As technology advances in competitive sports, as we have seen in in this year's Winter Olympics, it's not difficult to envision a day when such precise instrumentation could become a reality. Researchers are even working on software that can help predict what kind of sport a youth would be best at, even before he or she has ever tried it out.
All of which begs the question: How far can technology go before it is deemed unfair competition, especially in such politically charged events as the Olympics?
Blog community response:
"In Map of Bones, the protagonist is protected in a key fight scene by a liquid armour that hardens instantly upon a bullet's impact. It sounded very far fetched when I read it. As it turns out, the technology may not be as far fetched it sounds."

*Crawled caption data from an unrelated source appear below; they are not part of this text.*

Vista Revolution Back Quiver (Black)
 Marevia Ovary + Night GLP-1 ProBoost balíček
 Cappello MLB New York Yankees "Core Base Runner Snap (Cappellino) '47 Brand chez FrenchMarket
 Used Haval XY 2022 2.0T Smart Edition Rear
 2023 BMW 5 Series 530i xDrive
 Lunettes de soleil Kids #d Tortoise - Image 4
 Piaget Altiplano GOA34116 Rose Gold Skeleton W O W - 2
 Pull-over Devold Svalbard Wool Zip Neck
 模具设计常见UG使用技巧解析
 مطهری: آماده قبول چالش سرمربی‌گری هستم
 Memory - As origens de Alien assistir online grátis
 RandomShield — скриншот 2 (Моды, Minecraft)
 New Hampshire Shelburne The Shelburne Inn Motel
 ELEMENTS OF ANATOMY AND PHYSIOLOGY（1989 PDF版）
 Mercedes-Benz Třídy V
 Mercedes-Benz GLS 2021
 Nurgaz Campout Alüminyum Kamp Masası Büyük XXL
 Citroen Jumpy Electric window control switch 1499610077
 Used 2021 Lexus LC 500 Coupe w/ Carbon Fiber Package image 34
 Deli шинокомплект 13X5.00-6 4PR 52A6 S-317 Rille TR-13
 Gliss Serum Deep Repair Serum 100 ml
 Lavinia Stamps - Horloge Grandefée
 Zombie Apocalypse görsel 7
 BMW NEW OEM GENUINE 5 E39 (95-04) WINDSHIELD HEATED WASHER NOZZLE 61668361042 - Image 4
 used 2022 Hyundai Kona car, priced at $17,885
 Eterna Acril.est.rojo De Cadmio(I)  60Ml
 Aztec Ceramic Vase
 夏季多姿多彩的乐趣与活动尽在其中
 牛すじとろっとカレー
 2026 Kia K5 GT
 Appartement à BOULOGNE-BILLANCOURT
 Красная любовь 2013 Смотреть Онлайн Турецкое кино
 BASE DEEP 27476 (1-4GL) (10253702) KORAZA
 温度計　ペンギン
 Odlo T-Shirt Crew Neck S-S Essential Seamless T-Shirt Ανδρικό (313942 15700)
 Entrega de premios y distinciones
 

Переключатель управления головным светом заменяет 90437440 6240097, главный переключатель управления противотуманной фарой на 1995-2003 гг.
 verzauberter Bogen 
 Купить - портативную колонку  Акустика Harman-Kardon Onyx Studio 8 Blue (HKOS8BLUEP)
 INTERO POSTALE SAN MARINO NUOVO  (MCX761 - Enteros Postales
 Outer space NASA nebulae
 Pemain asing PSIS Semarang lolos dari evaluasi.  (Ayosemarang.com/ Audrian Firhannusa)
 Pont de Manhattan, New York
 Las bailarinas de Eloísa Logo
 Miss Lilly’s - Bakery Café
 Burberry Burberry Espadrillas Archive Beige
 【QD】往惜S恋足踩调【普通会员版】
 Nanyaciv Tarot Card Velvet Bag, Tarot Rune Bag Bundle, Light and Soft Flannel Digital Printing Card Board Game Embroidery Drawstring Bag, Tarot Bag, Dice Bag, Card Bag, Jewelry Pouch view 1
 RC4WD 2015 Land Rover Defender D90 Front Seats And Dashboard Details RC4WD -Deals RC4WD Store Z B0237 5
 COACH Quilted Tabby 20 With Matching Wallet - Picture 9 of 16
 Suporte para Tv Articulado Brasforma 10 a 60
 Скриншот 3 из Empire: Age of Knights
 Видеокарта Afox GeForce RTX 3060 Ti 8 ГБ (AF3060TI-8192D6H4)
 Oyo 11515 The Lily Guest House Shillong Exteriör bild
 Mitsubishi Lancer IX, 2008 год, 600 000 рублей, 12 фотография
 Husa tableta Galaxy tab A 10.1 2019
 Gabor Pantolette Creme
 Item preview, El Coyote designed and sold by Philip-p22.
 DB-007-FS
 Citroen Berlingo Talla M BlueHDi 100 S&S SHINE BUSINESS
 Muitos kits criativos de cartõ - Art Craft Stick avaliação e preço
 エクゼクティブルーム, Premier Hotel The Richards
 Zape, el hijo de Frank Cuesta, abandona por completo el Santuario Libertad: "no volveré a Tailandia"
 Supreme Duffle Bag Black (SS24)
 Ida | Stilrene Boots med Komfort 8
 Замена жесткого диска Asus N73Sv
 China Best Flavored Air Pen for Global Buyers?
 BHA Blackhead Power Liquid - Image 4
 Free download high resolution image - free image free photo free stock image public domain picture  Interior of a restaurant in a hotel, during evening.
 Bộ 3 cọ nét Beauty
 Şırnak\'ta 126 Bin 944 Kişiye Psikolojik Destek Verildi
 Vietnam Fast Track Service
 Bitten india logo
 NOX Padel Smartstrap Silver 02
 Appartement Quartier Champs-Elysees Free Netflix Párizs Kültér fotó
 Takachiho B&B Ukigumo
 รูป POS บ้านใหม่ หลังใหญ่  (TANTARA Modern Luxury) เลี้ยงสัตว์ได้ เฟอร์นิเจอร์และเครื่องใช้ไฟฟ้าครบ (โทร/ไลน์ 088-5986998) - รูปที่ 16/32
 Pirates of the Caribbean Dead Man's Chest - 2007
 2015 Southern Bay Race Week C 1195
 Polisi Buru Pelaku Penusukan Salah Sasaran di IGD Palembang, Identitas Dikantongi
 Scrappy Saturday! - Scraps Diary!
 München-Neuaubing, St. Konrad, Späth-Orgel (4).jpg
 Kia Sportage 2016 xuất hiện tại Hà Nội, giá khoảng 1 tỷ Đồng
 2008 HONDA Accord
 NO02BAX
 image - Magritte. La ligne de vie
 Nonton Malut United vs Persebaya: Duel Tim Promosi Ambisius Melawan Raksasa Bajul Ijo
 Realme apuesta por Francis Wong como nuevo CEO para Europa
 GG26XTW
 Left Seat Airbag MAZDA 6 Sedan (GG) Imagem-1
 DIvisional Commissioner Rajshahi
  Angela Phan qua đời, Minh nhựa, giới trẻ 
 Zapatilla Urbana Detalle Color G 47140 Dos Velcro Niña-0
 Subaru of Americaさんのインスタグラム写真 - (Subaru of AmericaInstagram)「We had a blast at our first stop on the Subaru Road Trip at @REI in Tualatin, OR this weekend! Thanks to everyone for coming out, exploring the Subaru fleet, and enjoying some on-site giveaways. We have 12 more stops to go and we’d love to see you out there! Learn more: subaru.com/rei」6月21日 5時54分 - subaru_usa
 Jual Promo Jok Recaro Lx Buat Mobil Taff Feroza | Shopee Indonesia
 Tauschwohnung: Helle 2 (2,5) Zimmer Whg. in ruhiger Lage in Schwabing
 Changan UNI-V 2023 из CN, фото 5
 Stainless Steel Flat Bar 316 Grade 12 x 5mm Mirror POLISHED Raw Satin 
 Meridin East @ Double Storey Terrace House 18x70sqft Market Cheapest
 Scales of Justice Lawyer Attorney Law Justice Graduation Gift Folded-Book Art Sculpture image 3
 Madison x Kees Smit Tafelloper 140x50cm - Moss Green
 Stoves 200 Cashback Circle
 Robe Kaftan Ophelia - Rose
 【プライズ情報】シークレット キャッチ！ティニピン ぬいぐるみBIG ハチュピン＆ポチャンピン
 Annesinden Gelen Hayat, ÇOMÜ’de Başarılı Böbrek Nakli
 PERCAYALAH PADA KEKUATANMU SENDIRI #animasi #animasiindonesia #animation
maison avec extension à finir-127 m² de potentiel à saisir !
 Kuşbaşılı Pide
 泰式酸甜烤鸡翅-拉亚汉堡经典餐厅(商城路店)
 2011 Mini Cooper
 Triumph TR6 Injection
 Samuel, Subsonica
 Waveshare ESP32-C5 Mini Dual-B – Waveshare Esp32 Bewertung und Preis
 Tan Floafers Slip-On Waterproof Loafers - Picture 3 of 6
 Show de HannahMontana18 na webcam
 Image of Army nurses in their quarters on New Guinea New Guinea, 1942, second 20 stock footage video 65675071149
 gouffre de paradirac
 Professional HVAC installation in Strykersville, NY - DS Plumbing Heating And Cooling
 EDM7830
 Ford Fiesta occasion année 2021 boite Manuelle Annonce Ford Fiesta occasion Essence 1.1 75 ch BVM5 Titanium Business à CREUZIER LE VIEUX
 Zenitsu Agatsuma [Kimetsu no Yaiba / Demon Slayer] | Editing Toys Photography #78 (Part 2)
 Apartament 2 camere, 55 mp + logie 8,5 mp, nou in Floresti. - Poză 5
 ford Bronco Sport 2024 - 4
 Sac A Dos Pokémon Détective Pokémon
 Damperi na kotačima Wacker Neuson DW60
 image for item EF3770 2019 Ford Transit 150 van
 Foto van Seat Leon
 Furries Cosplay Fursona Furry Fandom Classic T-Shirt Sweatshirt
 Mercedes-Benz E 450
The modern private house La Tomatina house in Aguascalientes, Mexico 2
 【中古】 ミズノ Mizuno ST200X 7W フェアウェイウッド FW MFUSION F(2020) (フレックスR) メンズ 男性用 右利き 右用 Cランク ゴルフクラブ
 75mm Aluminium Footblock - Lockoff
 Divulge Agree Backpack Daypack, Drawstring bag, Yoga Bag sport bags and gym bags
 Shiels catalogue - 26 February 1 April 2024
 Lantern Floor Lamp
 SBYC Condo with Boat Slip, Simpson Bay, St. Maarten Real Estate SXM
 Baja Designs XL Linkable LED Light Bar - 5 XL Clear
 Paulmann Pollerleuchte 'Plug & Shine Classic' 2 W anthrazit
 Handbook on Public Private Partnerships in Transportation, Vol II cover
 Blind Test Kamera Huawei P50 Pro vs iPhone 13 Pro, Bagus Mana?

"Using d3o has enabled skiers to forgo constricting forearm and shin padding while still protecting themselves. The US and Canadian ski teams are currently using these suits at the Olympics in Turino. I can see this same idea being carried into other sports; maybe soccer shinguards."
"It's interesting to see emerging technologies at work in the winter sports. Austenitic steel is one example. Its high ductility and high tensile strength makes it an ideal element for the metal runners on the luge where riders reach 90 miles per hour and the timing of the race goes out to the thousandth of a second."